Wojciech Szczęsny z czystym kontem w półfinale Superpucharu Hiszpanii
9 stycznia, 2025W swoim drugim meczu w barwach Barcelony, Wojciech Szczęsny zachował czyste konto, przyczyniając się do zwycięstwa 2:0 nad Athletic Bilbao w półfinale Superpucharu Hiszpanii. Polak pokazał się z dobrej strony, łącząc kilka znakomitych interwencji z nieco bardziej nerwowymi momentami, które przyciągnęły uwagę hiszpańskich mediów.
Decyzja o wstawieniu Szczęsnego do wyjściowego składu zapadła w ostatniej chwili. Według „Sportu”, jego szansa wynikła z dyscyplinarnej decyzji trenera Hansiego Flicka, który odsunął Inakiego Penę za spóźnienie na poranny trening. „Nadszedł czas Szczęsnego” – skomentowali dziennikarze, opisując sytuację przed meczem.
Polak wykorzystał swoją szansę, zachowując czyste konto mimo anulowania dwóch nieprawidłowo zdobytych bramek Basków.

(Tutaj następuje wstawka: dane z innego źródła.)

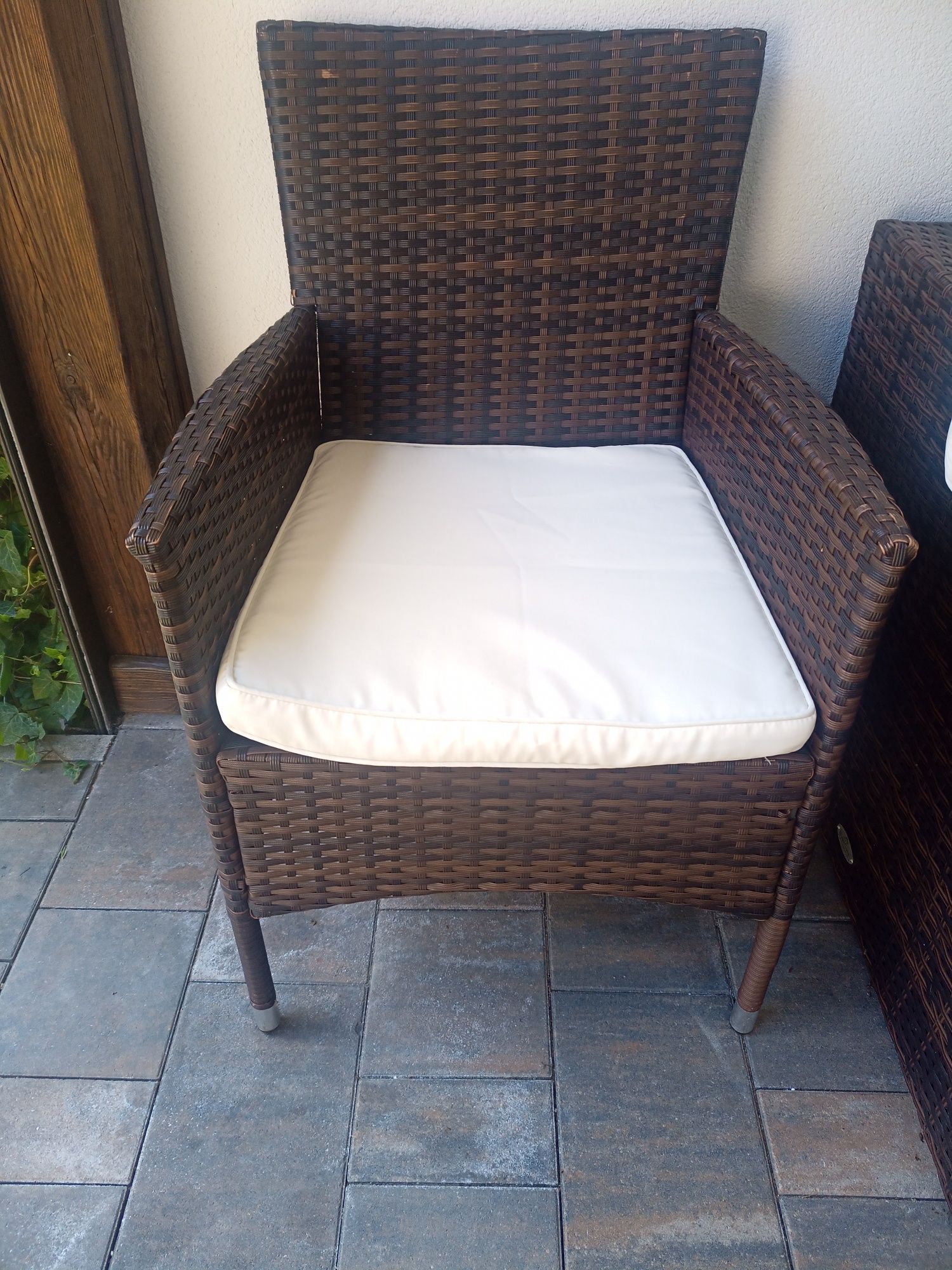 Poduszki na krzesła -fotele ogrodowe 8 szt.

Szczęsny kilkukrotnie ratował Barcelonę, szczególnie w końcówce pierwszej połowy, gdy w znakomitym stylu zatrzymał Inakiego Williamsa.

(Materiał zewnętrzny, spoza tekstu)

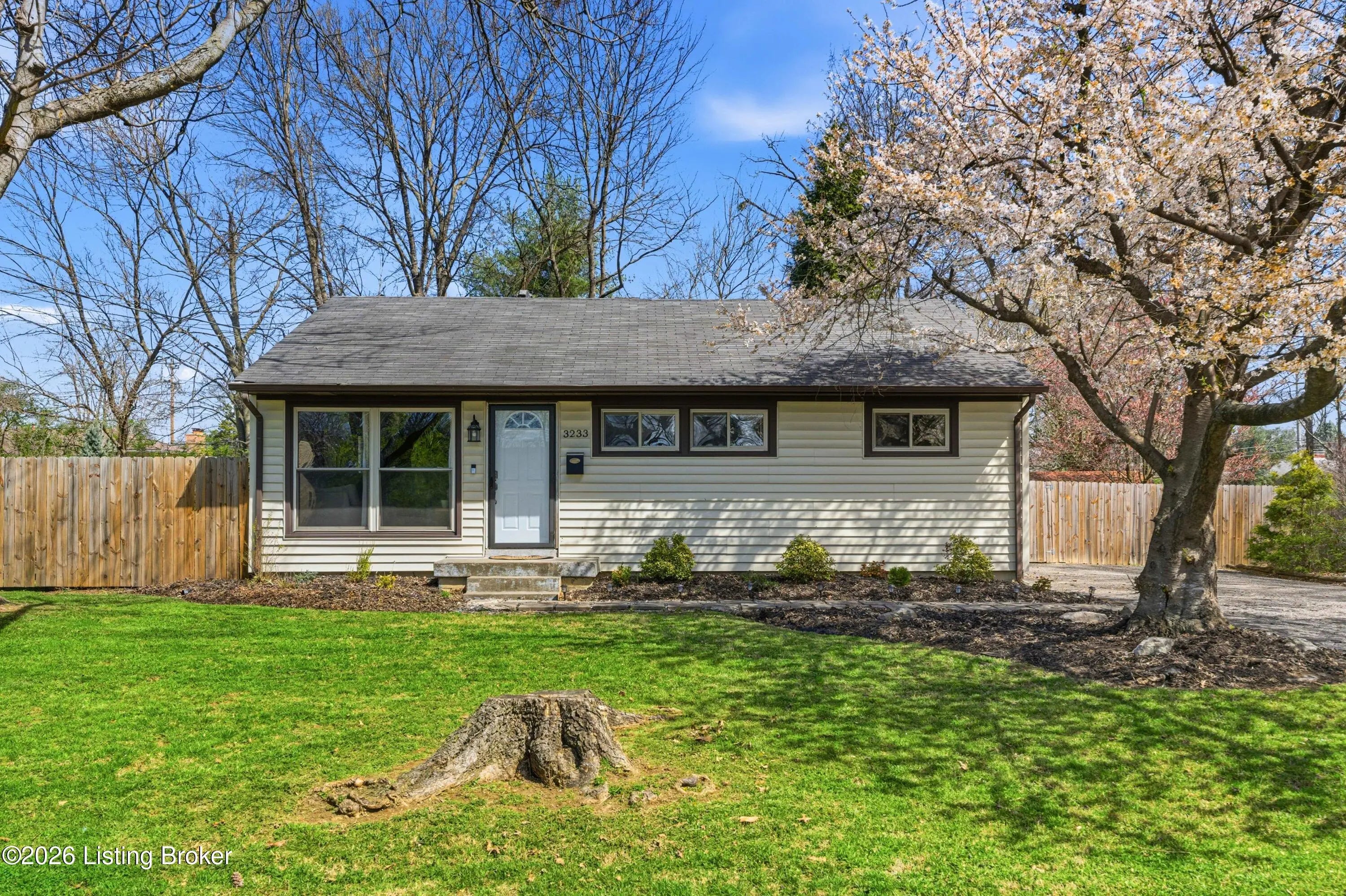 Photo of Listing #1712193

Hiszpańskie media były zgodne, że występ Polaka zasługuje na pochwały. „Mundo Deportivo” podkreśliło jego pewność w grze oraz zdolność do skutecznego przerywania groźnych akcji przeciwnika.
„Sport” opisał Szczęsnego jako „zahartowanego w tysiącu bitew”, podkreślając jego odważne wyjścia z bramki, choć niektóre z nich mogły przyprawić Hansiego Flicka o dreszcze. „Popisał się kilkoma świetnymi interwencjami, ale miał też momenty trzymające w napięciu” – podsumowano.
Barcelona czeka teraz na wyniki drugiego półfinału, w którym zmierzą się Real Madryt i Mallorca. Jeśli „Królewscy” wygrają, Szczęsny może stanąć między słupkami w swoim pierwszym El Clasico już w niedzielę.
Dla polskiego bramkarza możliwość gry w tak prestiżowym meczu byłaby spełnieniem marzeń, o których mówił jeszcze przed transferem do Barcelony. Decyzja o jego występie zależy jednak od trenera Flicka, który po dwóch solidnych występach Polaka może ponownie zaufać 34-latkowi.